Mesoscale Signals in the Human Brain: Multimodal Imaging and Computational Modeling

Date/Time
Date(s) - 01/17/2017
9:30 am

Dora Hermes, Ph.D., Postdoctoral Fellow, Brain Center Rudolf Magnus, University Medical Center Utrecht

Measurements of human brain activity, such as field potentials and the blood oxygen level dependent (BOLD) fMRI response, pool signals over large populations of neurons.

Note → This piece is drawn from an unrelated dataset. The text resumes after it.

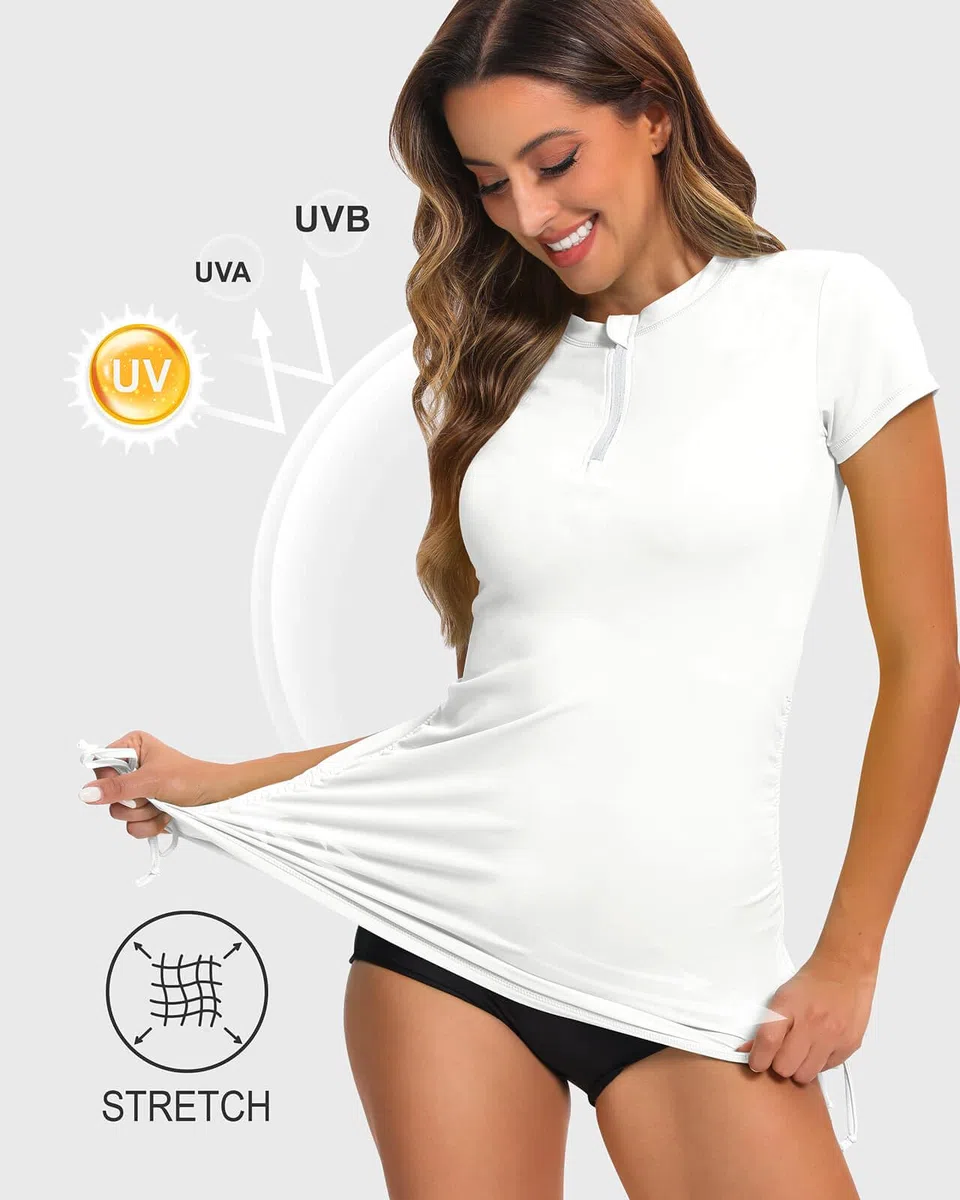 Camiseta de natación de manga corta para mujer, con cremallera frontal de 1/4, con protección UV, de secado rápido, dobladillo ajustable, UPF 50+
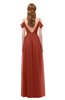 ColsBM Taylor Rust Bridesmaid Dresses A-line Off The Shoulder Short Sleeve Zipper Floor Length Simple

Quantitatively modeling these human brain responses is essential to understand how neuronal responses relate to perception and behavior, and how we can incorporate neuronal measurement for clinical applications such as neural prosthetics. I will first describe a series of studies that directly relate the BOLD signal and field potentials measured with electrocorticography (ECoG). Second, rather than directly relating measurements, I will show a computational model that starts with the neuronal population responses, and from this derives predictions of both the BOLD and field potential responses. The results from the model were tested against empirical fMRI and ECoG data recorded in human visual cortex. This model-based approach helps to reconcile a wide range of previous findings. These results show that a combination between multi-modal imaging and quantitative modeling can be used to advance our understanding of typical (and atypical) responses in the human brain. 

 

Bio:

Dora Hermes attended college at the University of Utrecht in the Netherlands, where she received her undergraduate
degree and MSc in Neuroscience and Cognition. She continued her graduate training in Neuroscience at the UMC Utrecht. Her post-doctoral work was done at Stanford and NYU and she is now a post-doctoral (veni) fellow at the Brain Center Rudolf Magnus in Utrecht and a visiting fellow at Stanford University. Her research includes multimodal imaging, brain-computer
interfaces and computational modeling of mesoscale signals in the human brain during health and disease.